You cannot access MBR from file system, it's a special sector, it's always outside any partitions you create.

To write into actual MBR you need to use dd(under linux) or PartCopy(for windows). I've never used PartCopy, so i cannot vouch for it, but dd worked for me.

dd if=bootsector.bin of=/dev/sda bs=512 count=1

Where sda is the name of your hard drive or usb device and bootsector.bin is a flat binary

Note that "of" option should point to the device itself, and NOT to partition on that device, i.e sda1, sda2

You can compile a flat binary with nasm using -f bin option

Likewise you can test if you bootsector is there by reading from first sector into file:

dd if=/dev/sda of=mbr_contents.bin bs=512 count=1

Open it with some hex editor and see if it's the same as your original, or disassemble it.

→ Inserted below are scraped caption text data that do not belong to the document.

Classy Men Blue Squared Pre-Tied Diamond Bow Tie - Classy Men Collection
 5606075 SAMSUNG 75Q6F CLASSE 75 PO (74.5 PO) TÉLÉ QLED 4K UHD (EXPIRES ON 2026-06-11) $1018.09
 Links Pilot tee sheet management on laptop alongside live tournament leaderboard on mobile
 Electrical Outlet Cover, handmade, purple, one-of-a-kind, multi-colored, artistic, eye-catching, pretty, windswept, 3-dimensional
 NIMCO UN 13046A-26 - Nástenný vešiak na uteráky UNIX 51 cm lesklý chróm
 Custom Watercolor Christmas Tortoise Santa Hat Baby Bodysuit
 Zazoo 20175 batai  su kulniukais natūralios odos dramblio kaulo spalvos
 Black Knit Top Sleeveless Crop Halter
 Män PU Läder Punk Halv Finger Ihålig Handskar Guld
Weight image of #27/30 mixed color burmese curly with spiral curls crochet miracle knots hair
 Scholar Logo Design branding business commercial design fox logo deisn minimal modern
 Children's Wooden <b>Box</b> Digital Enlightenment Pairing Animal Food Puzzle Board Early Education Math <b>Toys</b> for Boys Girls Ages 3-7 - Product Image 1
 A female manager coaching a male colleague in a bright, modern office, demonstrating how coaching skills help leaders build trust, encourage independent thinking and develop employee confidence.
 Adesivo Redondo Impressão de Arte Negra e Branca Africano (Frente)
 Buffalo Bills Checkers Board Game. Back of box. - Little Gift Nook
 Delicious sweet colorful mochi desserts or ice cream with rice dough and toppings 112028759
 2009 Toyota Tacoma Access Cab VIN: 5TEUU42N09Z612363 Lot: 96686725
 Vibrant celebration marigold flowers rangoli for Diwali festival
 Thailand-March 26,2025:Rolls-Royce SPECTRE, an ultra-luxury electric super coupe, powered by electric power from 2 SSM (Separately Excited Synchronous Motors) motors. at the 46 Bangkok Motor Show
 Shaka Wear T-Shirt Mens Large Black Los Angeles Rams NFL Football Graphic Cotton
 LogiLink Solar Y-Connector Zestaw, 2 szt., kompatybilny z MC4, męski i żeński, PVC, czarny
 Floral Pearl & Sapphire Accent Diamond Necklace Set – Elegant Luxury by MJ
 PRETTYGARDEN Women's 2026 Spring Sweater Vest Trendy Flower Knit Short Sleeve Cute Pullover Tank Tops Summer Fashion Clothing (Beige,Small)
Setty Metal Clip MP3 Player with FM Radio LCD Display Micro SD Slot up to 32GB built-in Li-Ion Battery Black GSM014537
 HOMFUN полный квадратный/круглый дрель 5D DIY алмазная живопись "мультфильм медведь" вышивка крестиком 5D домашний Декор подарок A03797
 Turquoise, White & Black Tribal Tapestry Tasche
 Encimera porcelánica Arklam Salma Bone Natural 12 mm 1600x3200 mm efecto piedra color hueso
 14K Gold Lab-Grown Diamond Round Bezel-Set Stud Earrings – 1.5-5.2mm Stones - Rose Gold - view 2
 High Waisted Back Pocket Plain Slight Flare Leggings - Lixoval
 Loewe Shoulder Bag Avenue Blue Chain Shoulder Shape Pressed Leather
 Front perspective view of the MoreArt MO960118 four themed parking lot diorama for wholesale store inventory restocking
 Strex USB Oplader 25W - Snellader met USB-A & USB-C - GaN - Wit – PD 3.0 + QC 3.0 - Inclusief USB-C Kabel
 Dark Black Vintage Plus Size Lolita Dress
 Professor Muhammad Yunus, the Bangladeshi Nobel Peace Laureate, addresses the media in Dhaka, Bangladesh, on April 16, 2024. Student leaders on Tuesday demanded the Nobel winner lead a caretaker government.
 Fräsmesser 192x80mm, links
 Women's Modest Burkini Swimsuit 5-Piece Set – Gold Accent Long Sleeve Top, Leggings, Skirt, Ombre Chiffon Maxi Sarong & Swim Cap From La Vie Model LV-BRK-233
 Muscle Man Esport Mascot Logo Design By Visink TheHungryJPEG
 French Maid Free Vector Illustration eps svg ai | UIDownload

You can also clean the bootsector by writing from zero device:

dd if=/dev/zero of=/dev/sda bs=512 count=1

How do you know the OS is being recognized? If it hits your bootsector, it wouldn't try to load another bootsector, even if your code crashed. BIOS just checks for 0xAA55 tag, loads the 512 bytes into memory and runs CPU on it in real flat mode(default), BIOS basically hands over you the control. Whatever happens next will be result of YOUR code running. So if your code crashes, computer will just sit there and waste electricity.

As far as i know all usb drives are capable of storing a bootloader, it's just that some mother boards can be glitchy when trying to load from usb drives. I used a spare hard drive to play around, it seems more reliable.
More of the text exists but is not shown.